GönderMe1: Pazar günü dananın kuyruğu kopacak. Erken seçim ile ülkemizin 4 yıllık geleceğini yönlendirecek hükümet belli olacak. “Demokrasi Bayramı” olarak kabul edilen seçimlerde mutlaka sandık başına gidin. Ülkenin geleceğinde söz sahibi olun. Hangi partiyi hangi adayı desteklerseniz destekleyin mutlaka sandığa gidin. Unutmayın “Oy Namustur. Namusunuza sahip çıkın. ”
GönderMe2: Buradan Belediye Başkanlarına bir çağrıda bulunmak istiyorum. Siyaseten geldiğiniz çizgidekilere mesaj vermek yada toplumda sevilen isimlere yönelik, park, anıt ve heykel gibi eserler yapıp “Saygı gösterdi” havasına girip oy devşirmeye kalkmayın. Hele Narlıdere’deki gibi saygı duyuyoruz diyerek şov yaparak açtığınız eserleri(Berkin Elvan Sokağı ve Gezi Anıtı gibi) sonra sahipsiz bırakacaksanız yapmayın kardeşim. İnsanların yüreklerindeki yarayı daha da kanatmayın!
GönderMe3: Bu seçim dönemi çok ilginç şeylere şahit oldum. Yerel seçim ve 7 Haziran seçimleri süreci partilerine küsüp, dönemin yöneticilerine sallayıp duran (hatta hakarete varan küfürler eden) zevatı o isimler aday olunca arkalarında görünce şaşmamak elde değil. Cidden bu politika denen şey hiç bu kadar ayağa düşmemişti.
GönderMe4: Daha önce de dile getirmiştim. Basın Danışmanlarını seçerken dikkat edin diye.
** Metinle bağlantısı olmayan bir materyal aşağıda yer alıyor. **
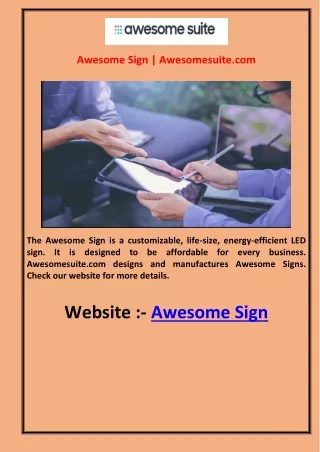awesome sign awesomesuite com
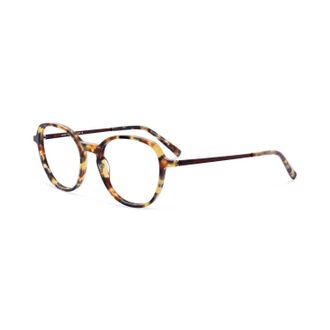 MOREL Womens 20153K Round Eyeglasses In Tortoise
Adına çalıştığı insandan daha ulaşılmaz olan, kraldan çok kralcı davranan, kötü yazılan haberler, kullanılan dil, abartılı sunumları geçtim artık “Yalan Haberler”de gelmeye başladı. Ya bu konuda işin ehli isimlerle çalışın, yada sizlerle çalışan bu zevatı zapturapt altına alacak şekilde kontrol edin. Emin olun bu naçizane teklifime uymanız sizin yararınıza olacaktır.
GönderMe5: Karşıyaka Belediyesi’nde ilginç şeyler oluyor. Son yaşanan ilginç hırsızlık olayının ardından belediye binasından dışarı ciddi dedikodular sızmaya başladı. Özellikle Kent AŞ konusunda kulağıma ulaşanlar çok ciddi iddialar var. Umarım sadece iddia düzeyindedir.